Amy Schreibman Walter
American writer and teacher living in London
There's more to planning your honeymoon than choosing a destination and booking your flights... if you're planning to head away with your honey sometime soon, read this first.
1. Make up your own rules
Before my husband and I left for our honeymoon, friends gave us all kinds of well-intentioned advice. One friend told us to refrain from making phone calls to friends and family back home, and to stay off social media when away -- "You should just be enjoying each other's company." My husband is wonderful, but enjoying his company and his alone for two weeks straight, without any sort of other social interaction, online or otherwise, doesn't feel that balanced or healthy to me. If connecting with other people through messages, calls or social media feels important to you, by all means, do it. This is your honeymoon.
2. Consider the length of your trip
Spending quality time together as a newly married couple is important, but to do so under the proviso of a "happy honeymoon" can put an undue amount of stress on couples. Reflect on how long you usually spend away on a vacation together and about how that feels; use that as a guide. If planning for a three-week honeymoon seems excessive, listen to that.

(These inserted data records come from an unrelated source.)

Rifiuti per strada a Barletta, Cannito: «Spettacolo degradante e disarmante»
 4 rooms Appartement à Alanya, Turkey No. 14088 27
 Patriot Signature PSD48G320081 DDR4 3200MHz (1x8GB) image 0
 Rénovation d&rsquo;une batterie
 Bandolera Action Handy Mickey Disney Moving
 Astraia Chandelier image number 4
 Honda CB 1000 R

3. Adjust your expectations
Many couples plan their honeymoon to take place long after their wedding date. It's not surprising, then, that by the time you take your honeymoon, your marriage may not actually be in the '"honey" phase anymore. The word honeymoon has an interesting history. "Honey" refers to the sweetness of a new marriage, and "moon" refers to the (supposed) fleeting amount of time that the sweet phase will last. The word dates back to the 5th century, when cultures represented the passing of time by observing the cycles of the moon. Newlyweds would drink mead ("honey") during the first moon of their marriage (mead is a honey-based alcoholic drink believed to have aphrodisiac properties). As soon as the first moon had passed, they stopped drinking the mead -- by then they were thought to have consummated the marriage, and the reality of other marital duties would begin to take hold (otherwise known as real life).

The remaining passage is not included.